今年3月に急逝した鳥山明氏の代表作『ドラゴンボール』は、コミックからアニメへと展開され、日本だけでなく世界中で絶大な人気を博してきた。1984年の発表以来、ゲームや実写映画などさまざまな形に翻案されてきたが、2023年の大晦日にはミュージカル版『ドラゴンボール』が中国で上演された。そのパフォーマンスは圧倒的で、とくにアニメやコミックの戦闘シーンの迫力を再現する特殊効果が素晴らしいと話題になった。
リアルでここまで!と感動の再現性
ミュージカル版『ドラゴンボール』は、中国の動画配信大手bilibiliの大晦日イベント「2023最美的夜bilibili晚会」の中で披露され、ライブ配信も行われた。2024年は『ドラゴンボール』誕生から40周年にあたり、それを記念する作品だ。
12分ほどのショーだったが、アクロバットを交えたダイナミックなダンス、そして「かめはめ波」や「元気玉」といった技を強力に表現する特殊効果は圧巻。さらに終盤ではアニメ版で主題歌を歌った高橋洋樹氏も登場し、アニメ公開当時と変わらない歌声で『魔訶不思議アドベンチャー!』を熱唱、会場を大いに沸かせた。
原作への愛と、舞台ならではの演出
日本のアニメ作品が海外で翻案される例が近年増えているが、日本と海外の文化的な違いもあり、評価がふるわないことも多い。『ドラゴンボール』も2009年に『DRAGONBALL EVOLUTION』としてハリウッドで実写映画化されたが、作品の世界観を表現していないとして酷評を浴び、脚本家が謝罪に追い込まれるほどだった。
だがこのミュージカル版『ドラゴンボール』は、原作へのレスペクトを感じるとしてX(旧Twitter)やTikTokなどのソーシャルメディアでも高く評価されている。悟空や亀仙人、ベジータといったおなじみのキャラクターの再現性や、原作同様のシリアスとコミカルのバランス、そしてCGも超えるようなインパクトある特殊効果が要因として指摘できるだろう。

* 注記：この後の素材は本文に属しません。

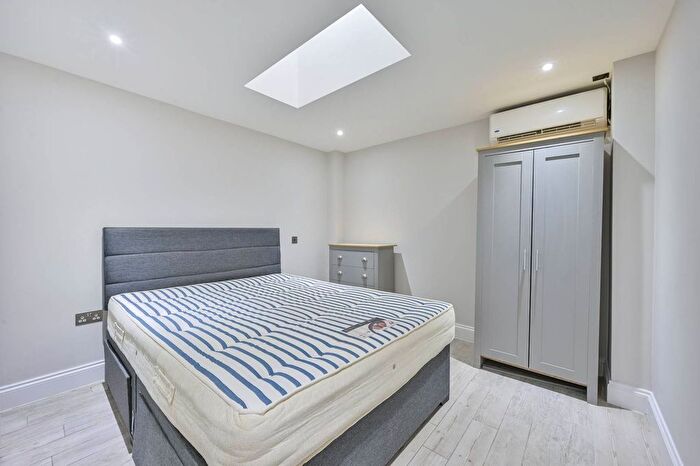 1 Bedroom Flat To Rent In Havana Road, Earlsfield, London, SW19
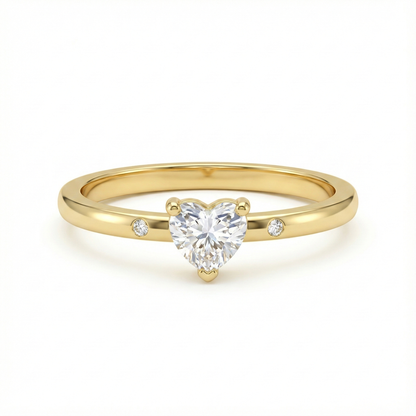 Bague dorée or 18k avec zircon blanc en forme de cœur et petits zircons latéraux, bijou romantique minimaliste et élégant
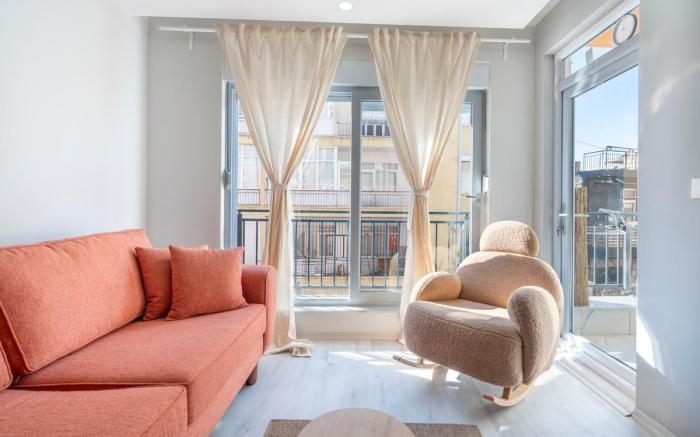 Cozy Apartment near Kaleici: City & Balcony Views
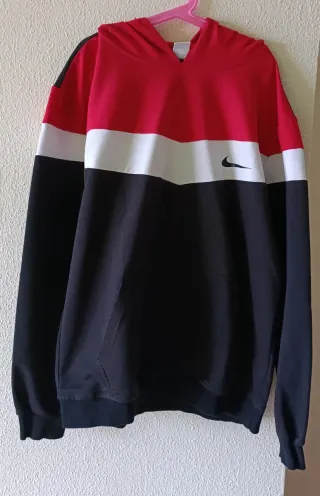 Sudadera Nike con capucha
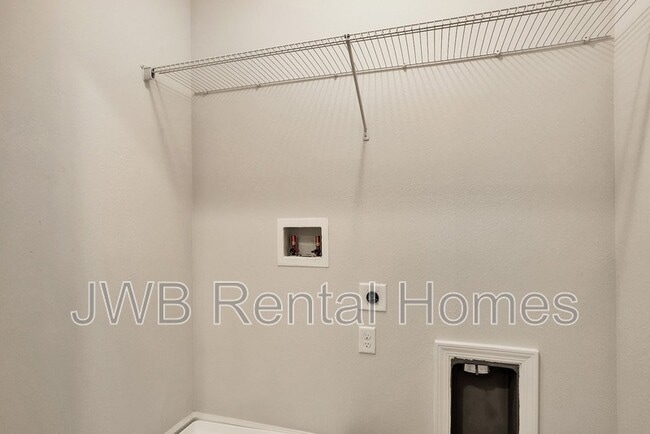 Building Photo - 6039 Carolines Ct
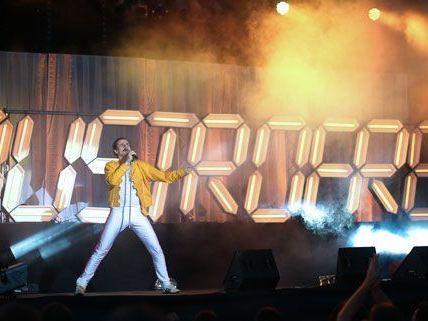 Kult-Star Austrofred gab am Samstag auf der FM4-Bühne beim Donauinselfest alles. Kult-Star Austrofred gab am Samstag auf der FM4-Bühne beim Donauinselfest alles.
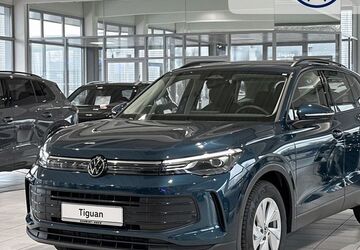 VW Tiguan 12.999 km 33.899 &euro; Bremerhaven 27576
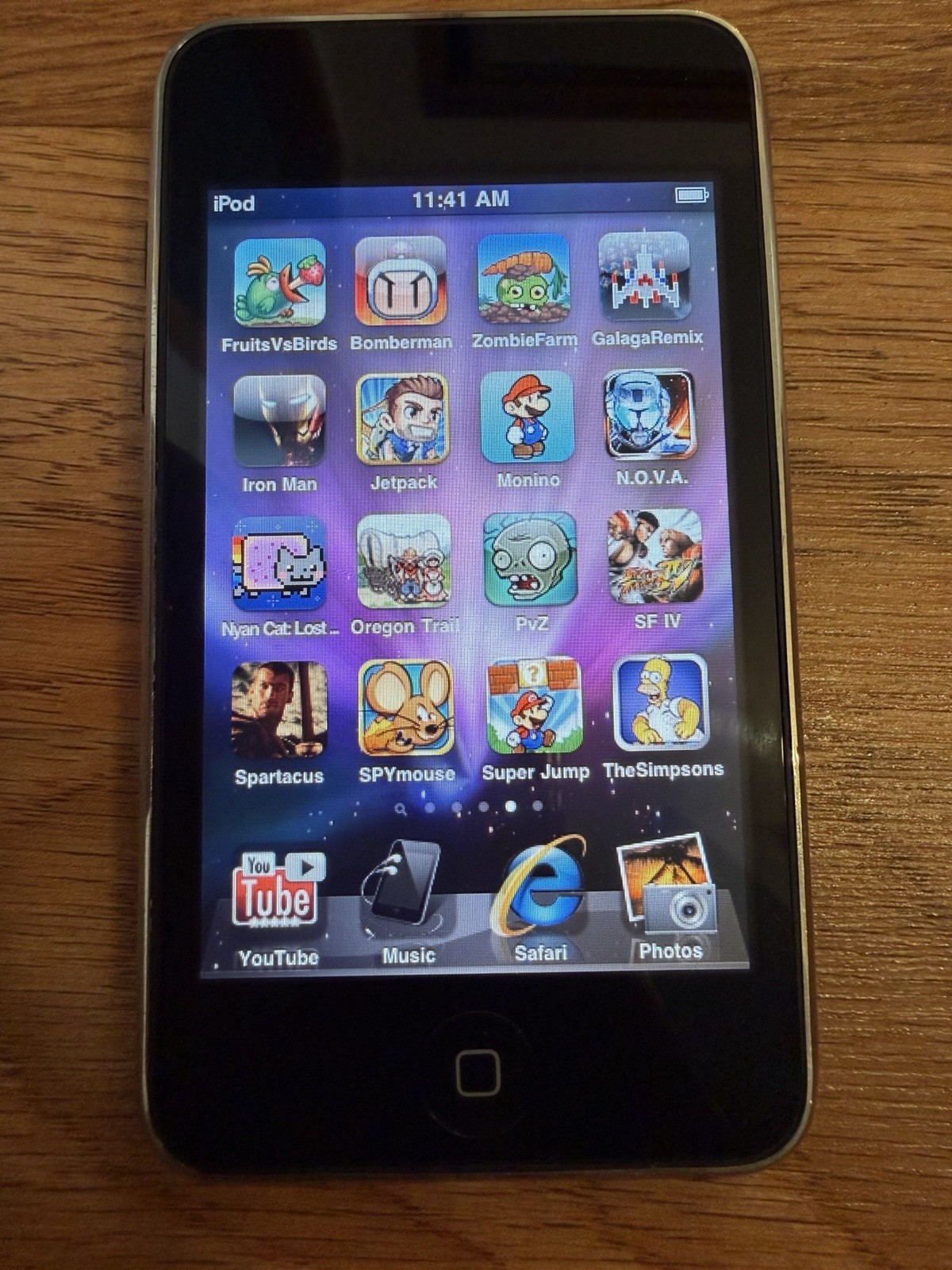 iPod touch 2nd 8gb 48 Retro Games Voltron Resident Evil Scarface Last Stand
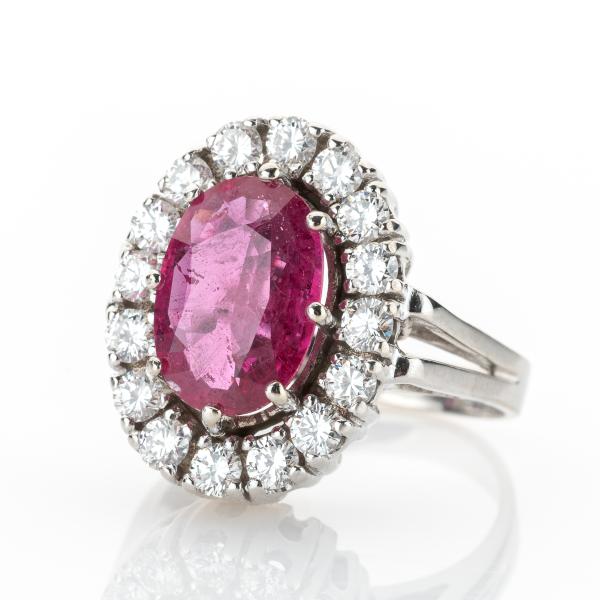 Ring aus 585er Weißgold mit 3.0ct Rubin und 0.80ct Brillanten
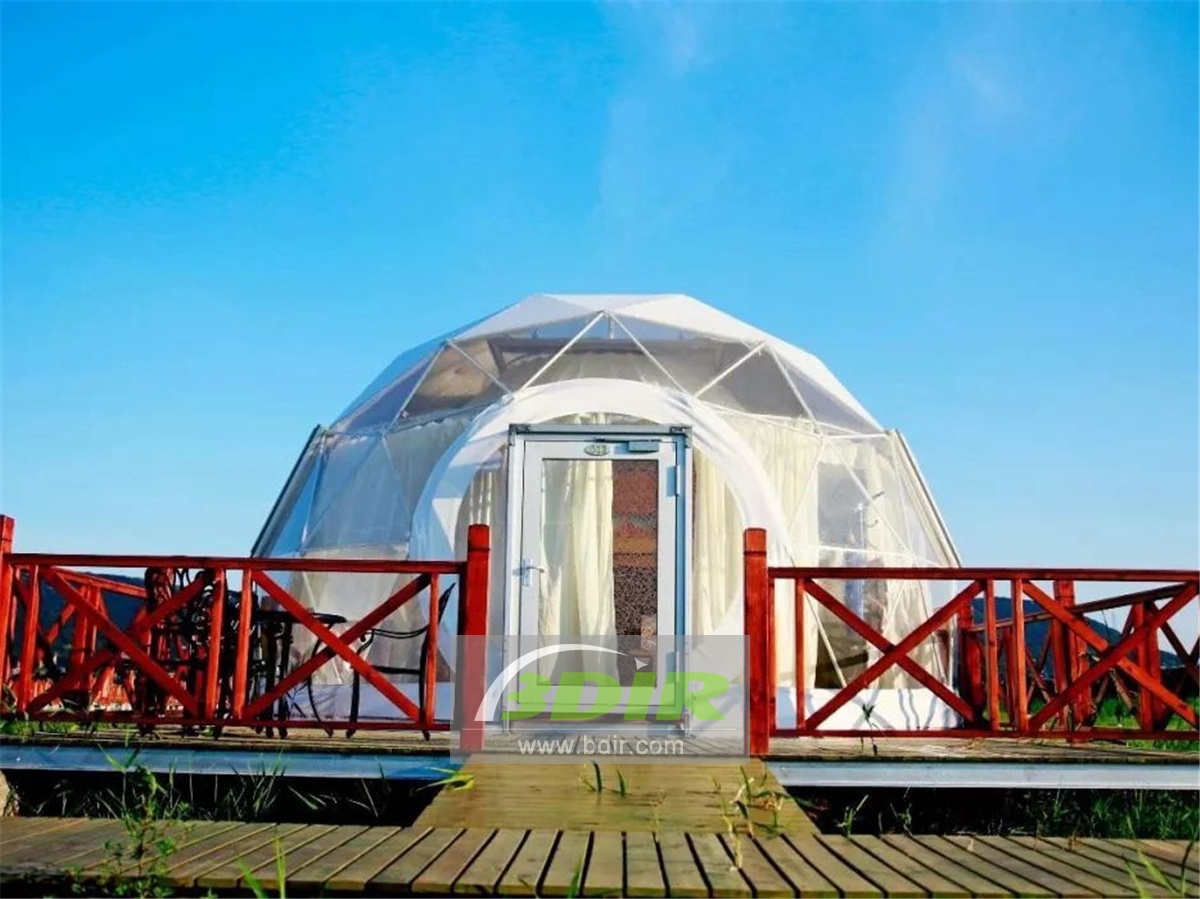 геодезическая купольная вилла спроектирована и построена для островного морского курорта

また単に原作をなぞるだけでなく、ダンサー集団O-DOGによるパワフルなパフォーマンスはそれ自体見応えがあるし、リアルな舞台ならではの演出も効いている。たとえば「元気玉」は人間や生物からエネルギーを集めて攻撃力に転換する技だが、このショーでは観客が持つ球形のライトから主人公・孫悟空に向けて光が飛んでいく表現があり、客席と舞台が一体となって巨大な元気玉を炸裂させた。イベント内の12分のショーだけでなく、フルにミュージカル形式の作品を望む声も高まっている。
ドラゴンボールはこれからも世界へ
作品誕生から40周年の節目を迎える2024年、サウジアラビアで『ドラゴンボール』のテーマパークが建設される計画も発表された。鳥山氏が生み出したこの作品は、まさに主人公・悟空がさまざまな形態に変化し成長していったように、今後も多様な形をとりながら、多くの人に感動を与え続けることだろう。